Q – I am a long-time reader and have benefited from your advice over the years. I was wondering if you have any thoughts on the relatively recent trend on the “plant-based meat substitute” industry? Any Canadian or U.S. based names that you would recommend? Or an ETF, if one exists? Thanks, and best regards. – Kamal G.
A – The timing of your question was certainly bang-on. On May 2, meat-substitute producer Beyond Meat Inc. (BYND-Q) launched its initial public offering on Nasdaq at US$25 a share. At one point around 2 p.m., the shares had almost tripled in value at US$72.85. They finally finished the first day of trading at US$65.75, a gain of 163 per cent on the day, with more than 22 million shares changing hands - this for a firm that lost almost $30-million last year, and which has warned it may never make a profit!
The stock rose as high as US$85.45 before reality set in and the shares pulled back to the mid-$60s.

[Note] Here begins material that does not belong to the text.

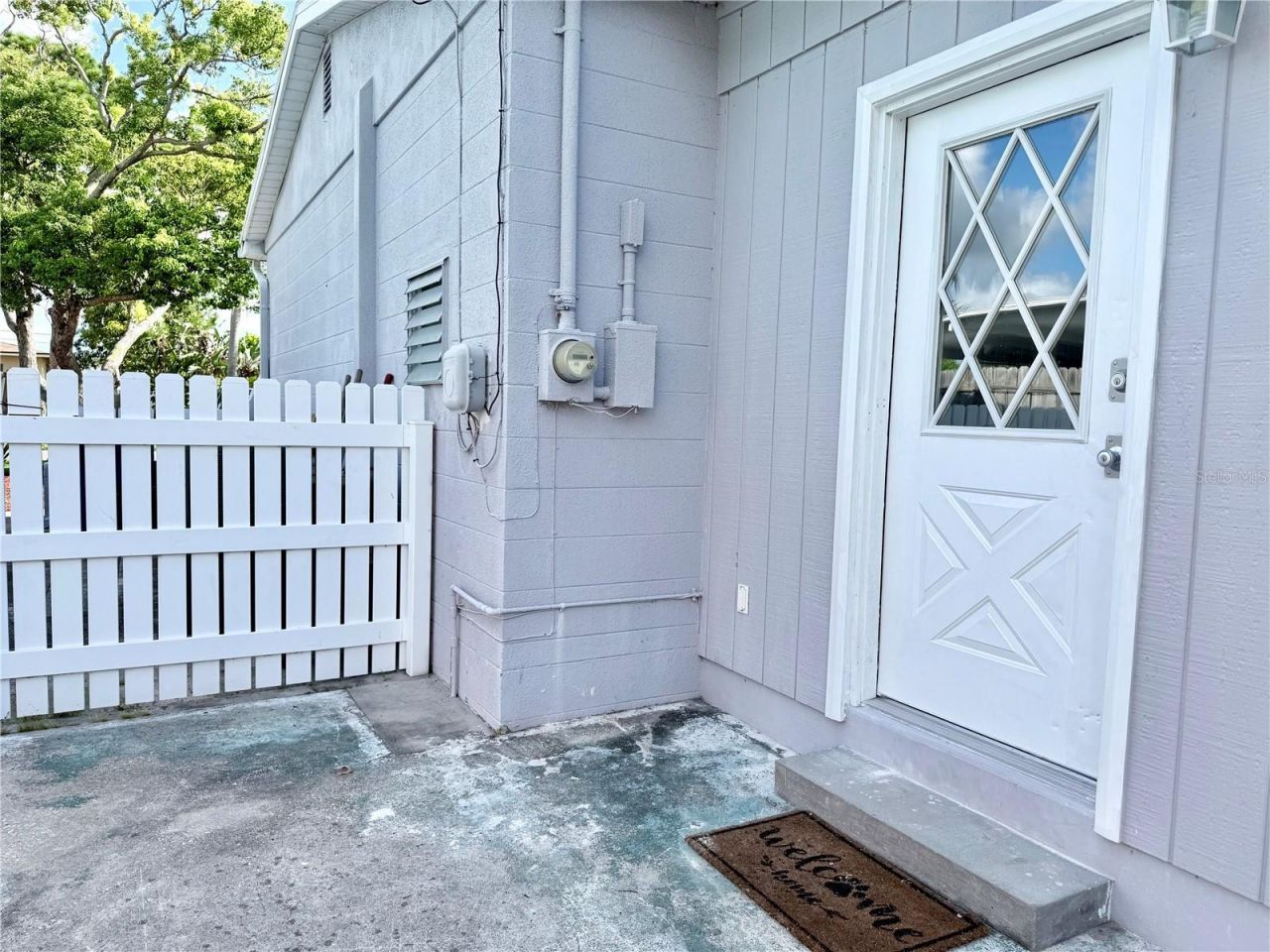 4320 Yardley Avenue N, Saint Petersburg, FL 33713 Photo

What this tells us is that investors think meat-substitutes made with plant products like peas and soy are the next big food craze. The problem is that there are not many investment opportunities yet. The only other major company exclusively devoted to plant-based eats is California-based Impossible Foods, which is privately owned, at least to this point. There are no ETFs specializing in this field that I’m aware of. The Vegan Climate ETF is supposed to start trading in New York this year, but it hasn’t launched yet.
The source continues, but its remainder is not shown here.